▸ **To do**:
Restate, exactly as written, the entries below from the line that holds "Barbell Piercing - Silver" through the line that holds "Collar Mancini con Perla de 3 Aros de 10K". Pictures are not part of the copy.

[Caption-style text data]
++++++++++

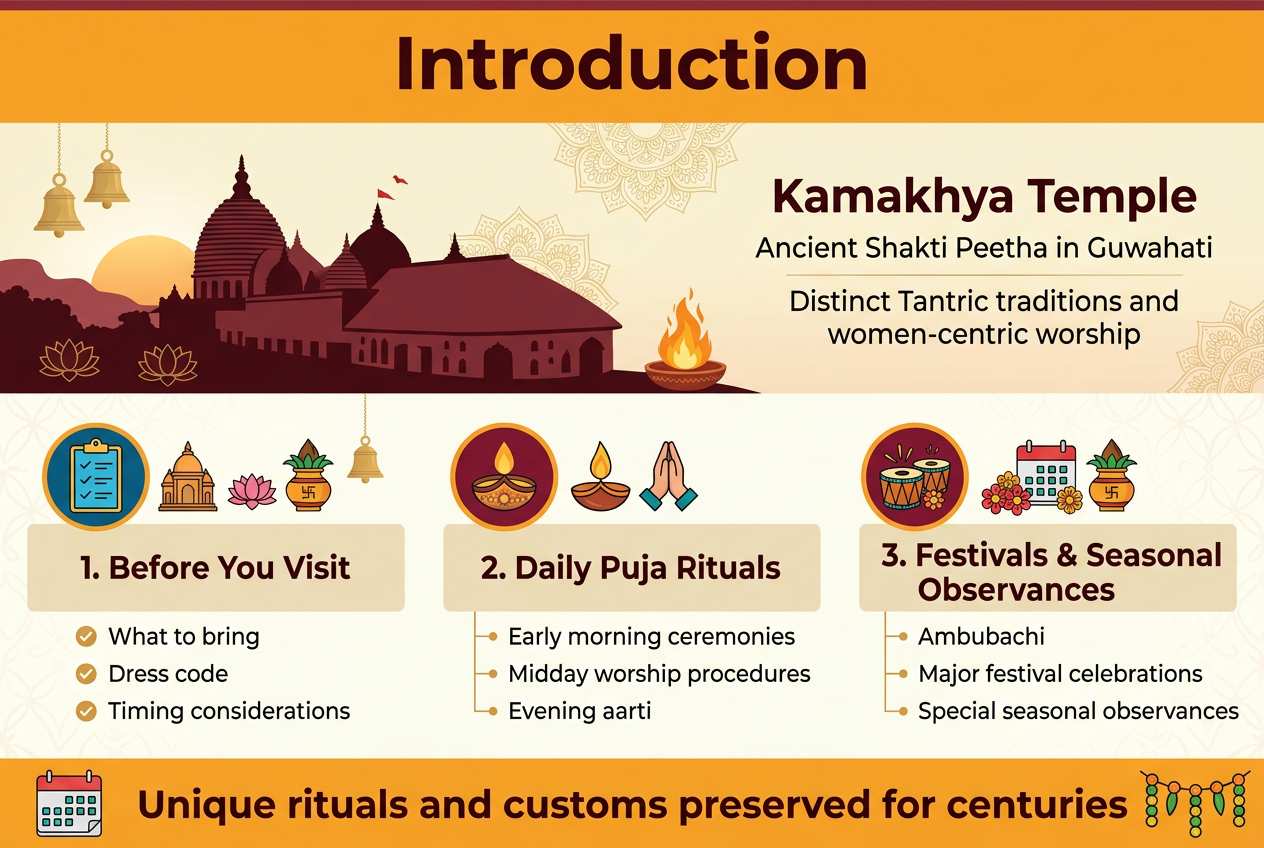 3:2 landscape infographic, full-bleed layout with clean professional design, rich saffron, deep maroon, gold, cream, and teal color palette, elegant sans-serif and serif font pairing, high contrast, clear visual hierarchy. Top full-width header bar with bold title text in large dark maroon letters: "Introduction" Below the title, a wide hero section spanning the upper half: an illustrated silhouette of Kamakhya Temple on Nilachal Hill in Guwahati at sunrise, with subtle temple bells, lotus motifs, sacred flame, and mandala patterns. Overlay a short introductory text block on the right in clean readable type: "Kamakhya Temple" "Ancient Shakti Peetha in Guwahati" "Distinct Tantric traditions and women-centric worship" Center area divided into three horizontal content blocks with numbered circular icons and small symbols: Left block with a blue-and-gold checklist icon and the heading: "1. Before You Visit" Three short bullet lines with small check icons: "What to bring" "Dress code" "Timing considerations" Middle block with a lamp and prayer icon and the heading: "2. Daily Puja Rituals" Three short bullet lines: "Early morning ceremonies" "Midday worship procedures" "Evening aarti" Right block with a festival icon featuring drums, flowers, and sacred pot motifs and the heading: "3. Festivals & Seasonal Observances" Three short bullet lines: "Ambubachi" "Major festival celebrations" "Special seasonal observances" Bottom full-width banner with a highlighted statement in bold: "Unique rituals and customs preserved for centuries" Include small decorative icons near relevant sections: temple, lotus, kalash, bell, oil lamp, prayer hands, calendar, and festive garlands. Use clean spacing, aligned columns, subtle patterned background, and crisp infographic styling with no extra text beyond the phrases shown.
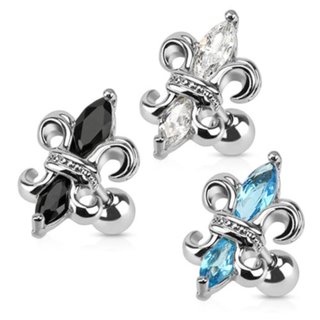 Barbell Piercing - Silver - Short - Fleur de Lis - [01.] - black
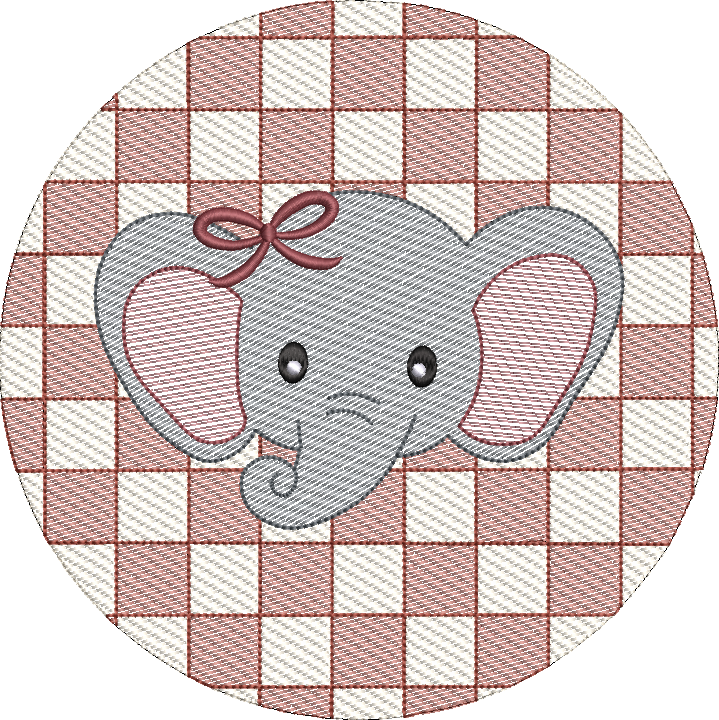 Check Background Elephant with Bow Mascot Sketch Fill Quick Stitch Machine Embroidery Design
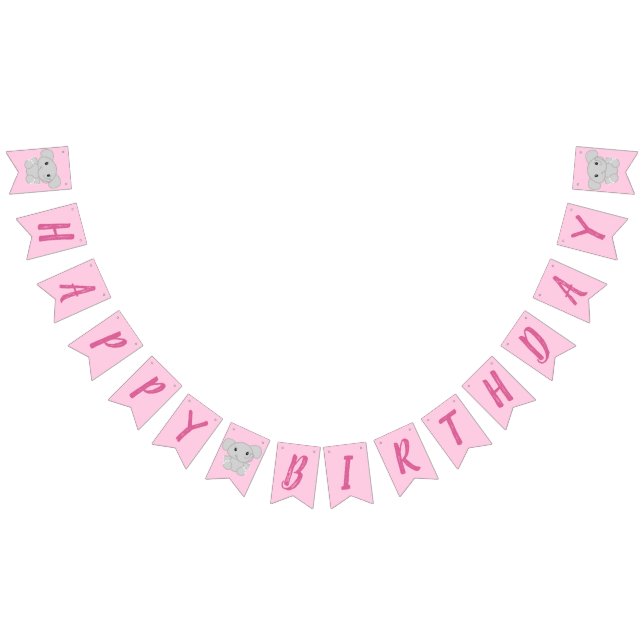 Bannière À Fanions Fête d'anniversaire éléphant rose (Tout)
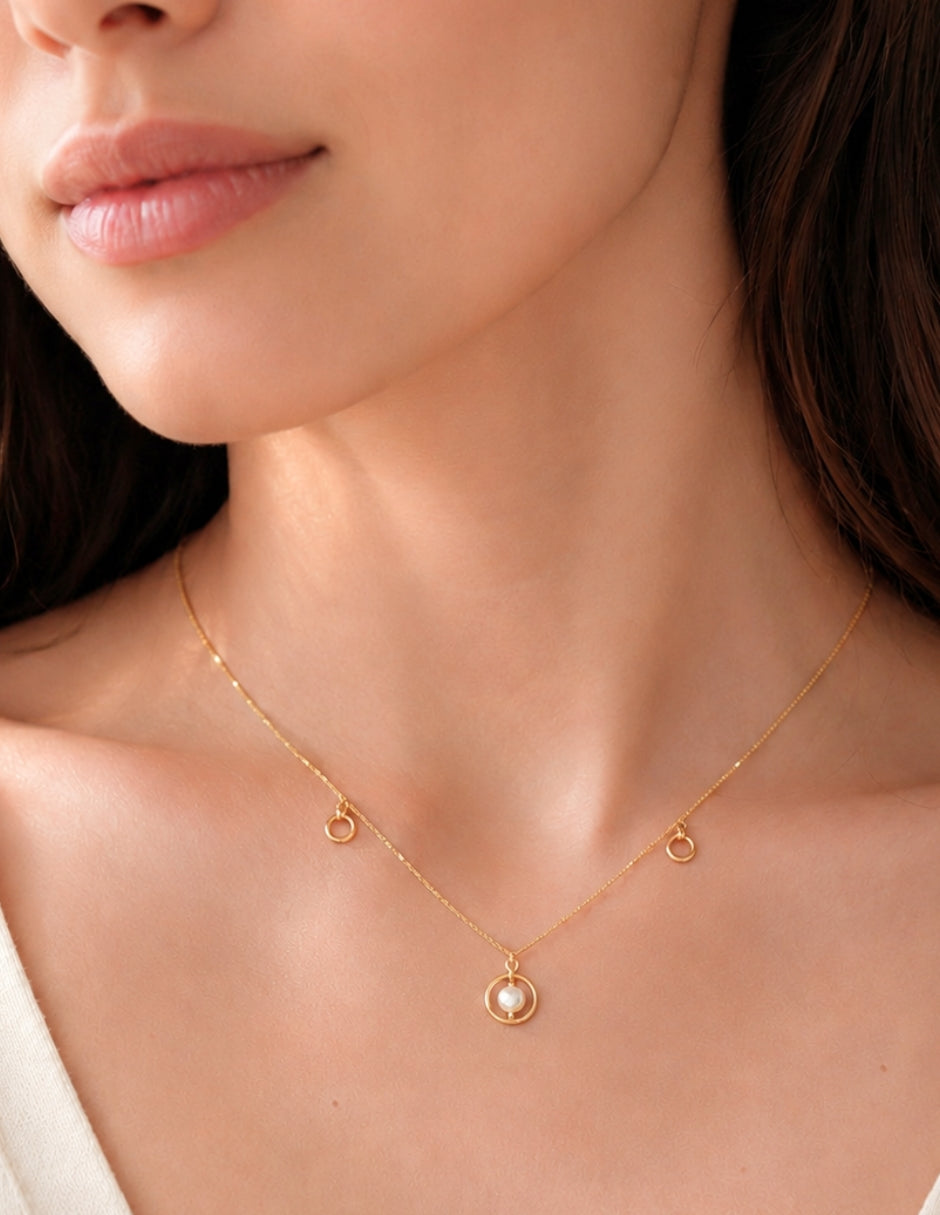 Collar Mancini con Perla de 3 Aros de 10K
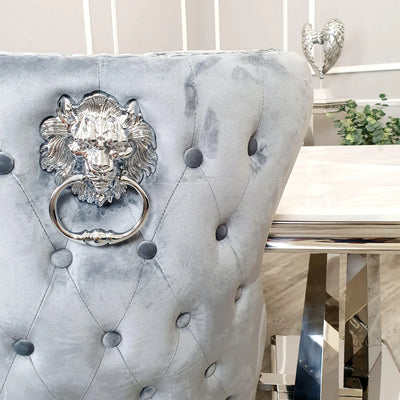 Louis 150cm Marble & Chrome Dining Table With Valente Velvet Chrome Lion Quilted Knocker Chairs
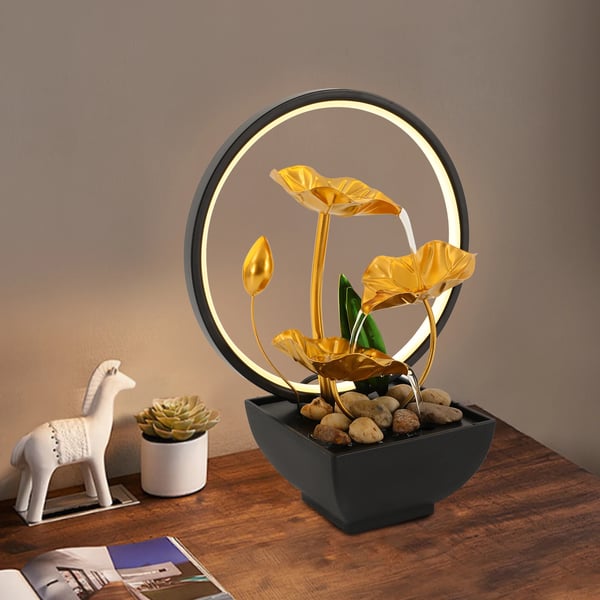Bordfontæne, Lotusdesign, LED-lys inkluderet,sort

++++++++++

▸ **Your response**:
 Barbell Piercing - Silver - Short - Fleur de Lis - [01.] - black
 Check Background Elephant with Bow Mascot Sketch Fill Quick Stitch Machine Embroidery Design
 Bannière À Fanions Fête d'anniversaire éléphant rose (Tout)
 Collar Mancini con Perla de 3 Aros de 10K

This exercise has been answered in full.